Stuttering Saudi Thoughts

Today, January 17, marks the six year anniversary of when I landed in Saudi. I’ve since moved back, but a lot of those early dates and activities really stick in my mind.

I think back on all the stuttering changes that have happened since then and because of my time in Saudi.

1. Just getting there required a lot of talking and getting out of my comfort zone. I had been in the same role for over 3 years. The office and lifestyle were fairly comfortable, and we had bought a house, too.

2. Going from Rehan with a long “e” to the Arabic pronunciation — and feeling the stuttering just disappear. Once that name-saying came out fluently, it made conversations so much easier. I still stuttered, but I thought about it much less.

3. Finally speaking French. I had learned so much French in high school but never used it. During my time in Saudi, I met French people and even traveled to France, confidently using what I had learned. And I didn’t die!

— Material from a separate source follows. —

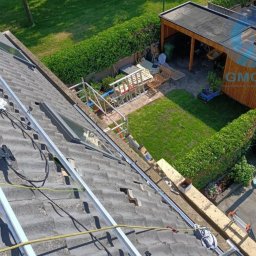Usługi budowlane - Montaż paneli słonecznych na dachu z szarej dachówki, widok z góry na zielony ogród i mały budynek gospodarczy. Widoczne aluminiowe profile i kable.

4. Starting up this blog. I had been thinking about it for many, many years. I had journals, slips of paper, marked up printouts, everything. But nothing out in public. Then one day I said, alright, what’s the worse that could happen. Sure the first year saw tons of posts, but the feelings are still trickling out.

5. Going to the NSA Conference. Along with the blog and being “out,” I could afford to go to the NSA Conference and meet so many others who also stuttered. And I made a great group of friends who I still talk with.

I know that everybody’s stuttering journey is not the same — maybe you went through the same stuff I did at age 16. Or 46. But for me everything felt right. Do I wish I had come out about it earlier? Maybe. But then maybe in some ways I wasn’t prepared for it as much. I had other things going on, other distractions. Saudi gave me a no-travel, stable, well-paying job for 5.5 years that allowed me to focus on stuttering. And for that I will always be grateful.

Stuttering Basketball Update

I wrote a few weeks back about coaching boys basketball this year. So what happened is that they put the first time coaches together, so I’m a co-coach. Which is fine with me obviously. My co-coach is a great guy who’s very much into it which is great. I’ve ended up doing most of the backend stuff — sending out e-mails to parents and putting together the line-ups for the games. And then during practices I help out with the specific drills that we’ve come up with. My co-coach actually played (I played a little intramural during high school but was obviously terrible) and so he’s got a solid idea of how moves should be done and what skills need to be worked on.

I didn’t expect the co-coaching thing to happen, but I’m honestly happy it did. It’s a better transition for me. It’s easing into it vs. being thrown in (which I’m accustomed to). I can see what is working or isn’t, what should be said or not, and adjust.

I’m having a very positive experience and not letting any stuttering get in the way. Now they are talking about spring sports and needing volunteers. And I’m not even hesitating to volunteer. If my daughter wants to do softball, I’ll happily sign up as a coach.

My 2017 Stuttering Plan

That’s right! I have a plan for how much I’m going to stutter this year. Not really. I looked back at the beginning of 2016 — what were my resolutions on this site for stuttering? Avoid less? Engage more? Sadly it turns out I didn’t blog at all in January 2016 so … guess I didn’t have anything to work on!

If you’ve somehow managed to read this blog for enough months, you’ll notice my enthusiasm (maybe that’s not the right word) for posting has dropped off a lot in the past few months. It was great in the first year (as expected). I talked about all this with a close friend, and it was suggested I just set a simple goal and work toward that.

So let’s do that. Two posts a week.

There’s no shortage of what to blog about — my own life, movies, pop culture, articles out there, international conferences, and of course the annual NSA conference.

What works for everybody? Tuesdays and Fridays?